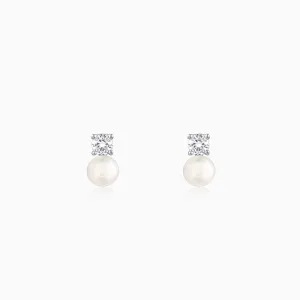 Silver Precious Pearl Earrings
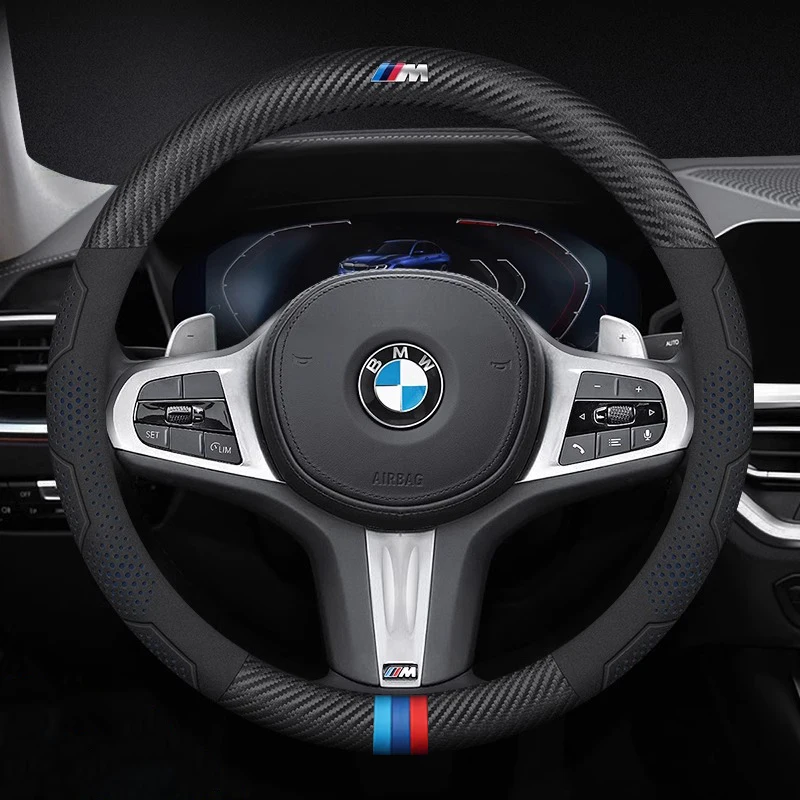 Фото Чехол на руль из карбона и кожи для BMW M E39 E46 E60 E70 E87 E90 F10 F15 F20 F25 F30 G05 G20 G30 X1 X3 X4 X5 X7 M2 M3 №3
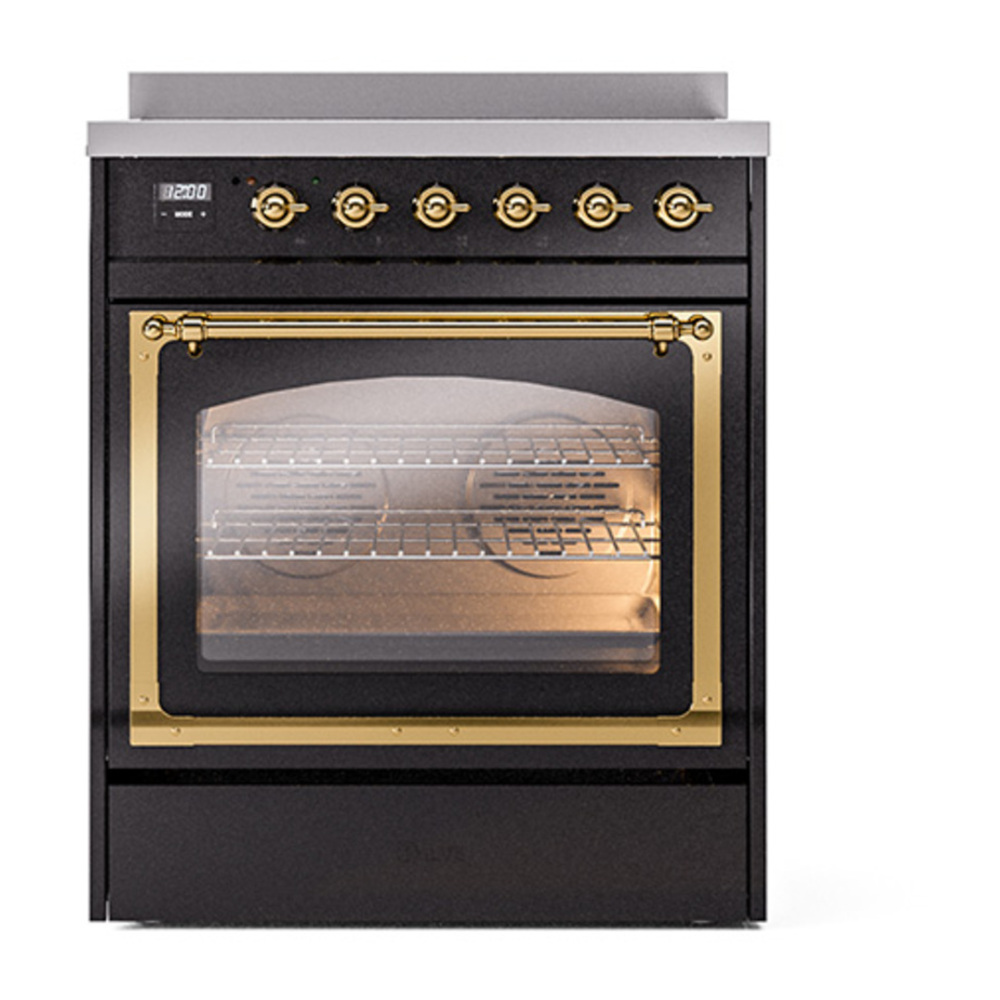 ILVE UNI304NMPBKG Nostalgie II Noblesse 30 inch Induction Range with 4 Elements (Triple Glass Door, Glossy Black, Brass) 2 ILVE_UNI304NMPBKG_Nostalgie_II_30"_Induction_Range_front_view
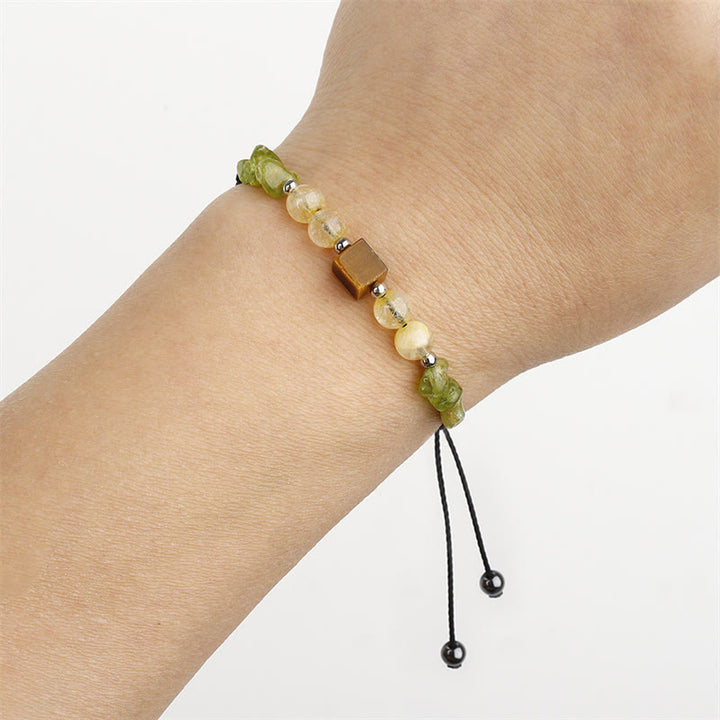 Buddha Stones Find Your Joy Peridot Citrin Tigerauge Peace Rope Armband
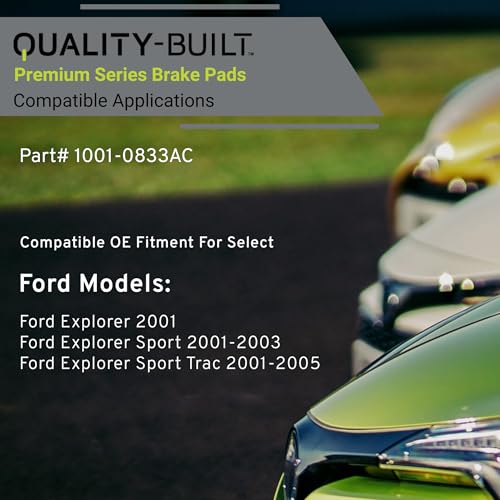 Image of QUALITY-BUILT Front Ceramic Brake Pads, Premium 1001-0833AC, Compatible with 2001-2005 Ford (Explorer,Explorer Sport,Explorer Sport Trac)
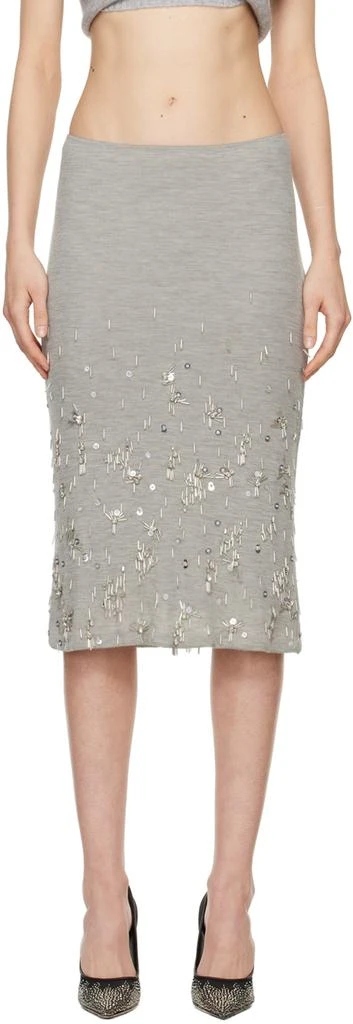 Christopher Esber Gray Crystal Cluster Midi Skirt 1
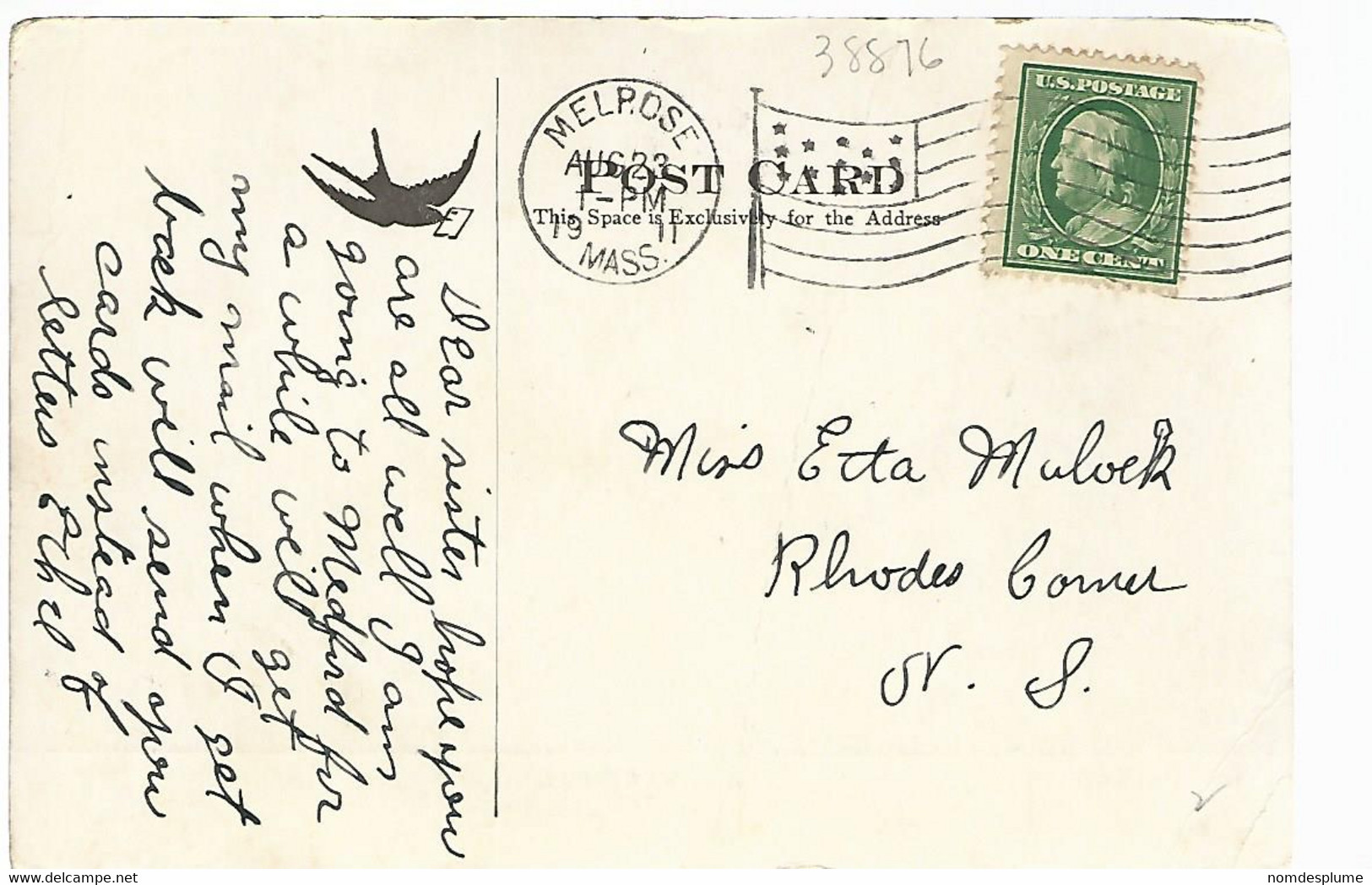 38876 ) USA Postcard Flag Postmark Cancel See Scans Massachusetts  Melrose To Canada Homeward Bound - Boston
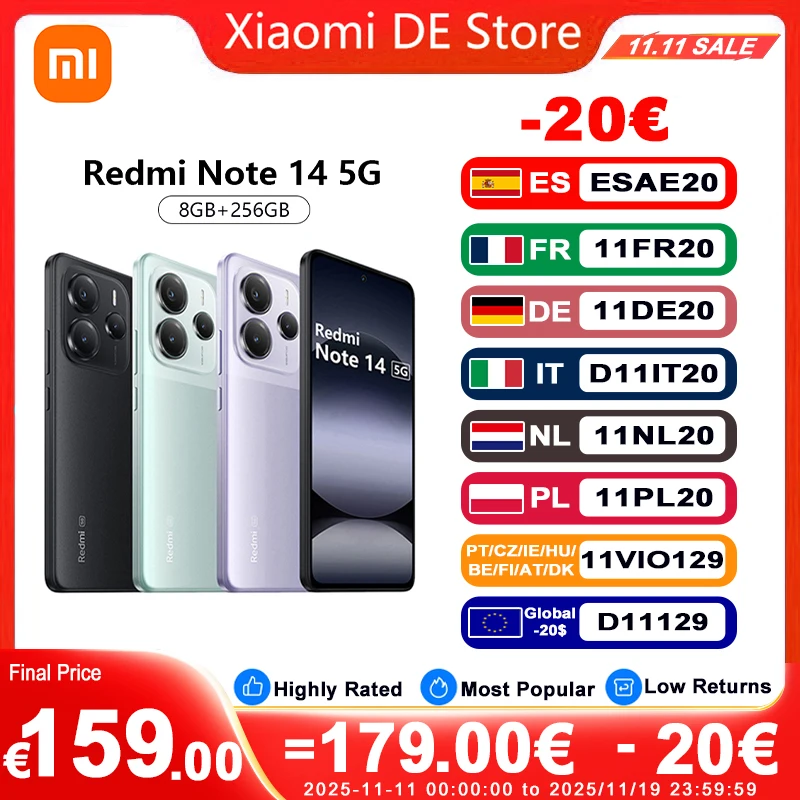 【Brand+】Xiaomi Redmi Note 14 5G Wersja Europejska 8+256GB Wyświetlacz AMOLED 6,67 cala 120Hz Główny aparat 108MP OIS Ładowanie 45W, NFC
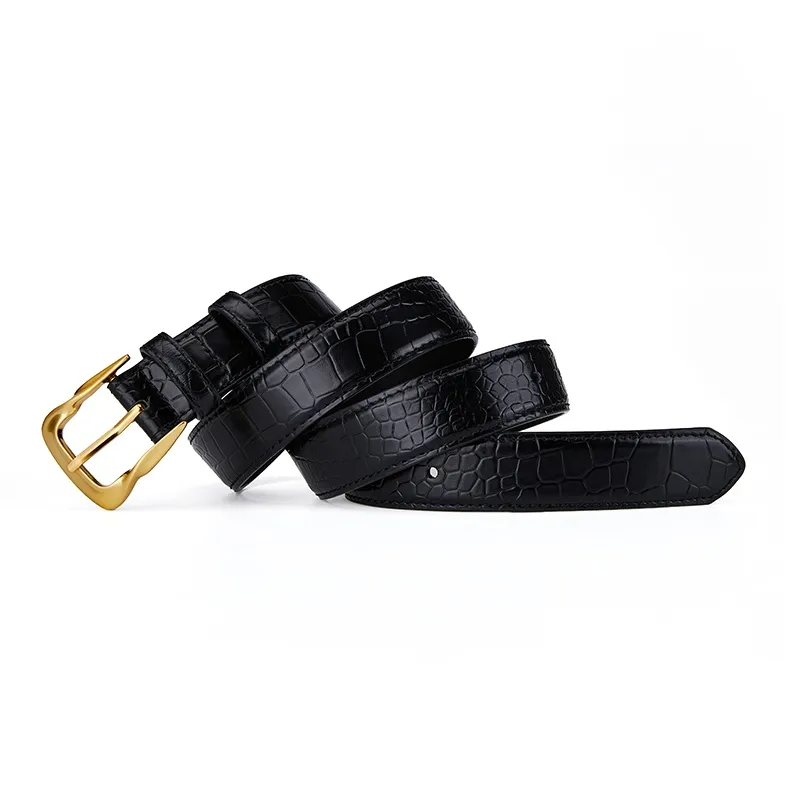 Jeccieziio Top Grain Cow Leather Belts Women's Gold Width 2.8CM-4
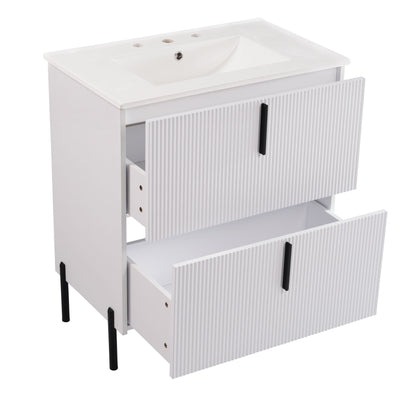 Fluted white vanity with ceramic sink, three-hole faucet, black handles on Tampa Home & Garden Store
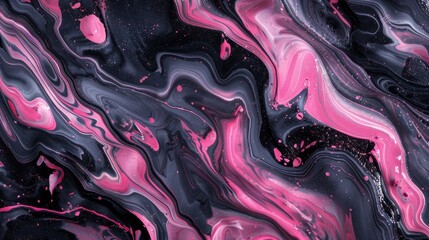 Obraz premium A closeup of swirling pink and black liquid, resembling the pattern found in abstract art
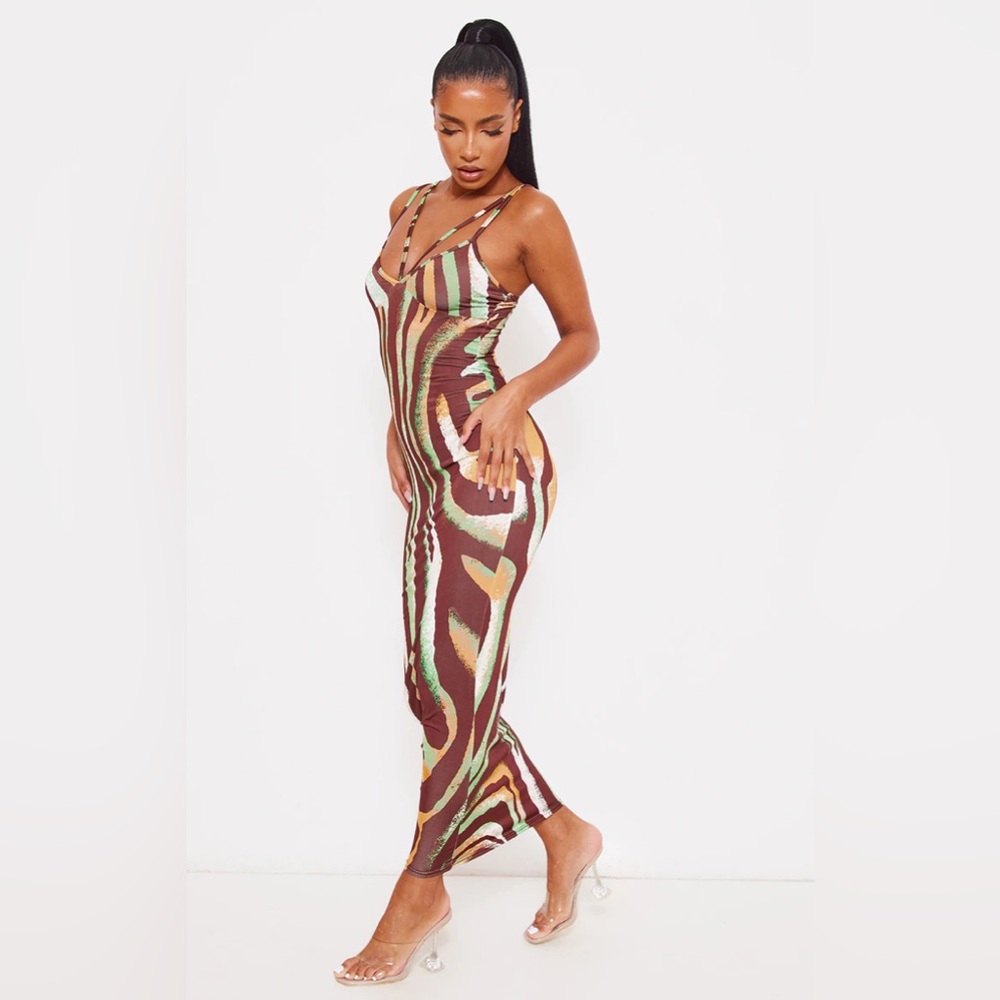 Pretty Little Thing Multi Zebra Print Double Strap Midaxi Dress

## Exercise details
Drop the pictures, then transcribe the lines from the one containing "ILVE UNI304NMPBKG Nostalgie" to the end of the data above, exactly and nothing more.

## Exercise solution
 ILVE UNI304NMPBKG Nostalgie II Noblesse 30 inch Induction Range with 4 Elements (Triple Glass Door, Glossy Black, Brass) 2 ILVE_UNI304NMPBKG_Nostalgie_II_30"_Induction_Range_front_view
 Buddha Stones Find Your Joy Peridot Citrin Tigerauge Peace Rope Armband
 Image of QUALITY-BUILT Front Ceramic Brake Pads, Premium 1001-0833AC, Compatible with 2001-2005 Ford (Explorer,Explorer Sport,Explorer Sport Trac)
 Christopher Esber Gray Crystal Cluster Midi Skirt 1
 38876 ) USA Postcard Flag Postmark Cancel See Scans Massachusetts  Melrose To Canada Homeward Bound - Boston
 【Brand+】Xiaomi Redmi Note 14 5G Wersja Europejska 8+256GB Wyświetlacz AMOLED 6,67 cala 120Hz Główny aparat 108MP OIS Ładowanie 45W, NFC
 Jeccieziio Top Grain Cow Leather Belts Women's Gold Width 2.8CM-4
 Fluted white vanity with ceramic sink, three-hole faucet, black handles on Tampa Home & Garden Store
 Obraz premium A closeup of swirling pink and black liquid, resembling the pattern found in abstract art
 Pretty Little Thing Multi Zebra Print Double Strap Midaxi Dress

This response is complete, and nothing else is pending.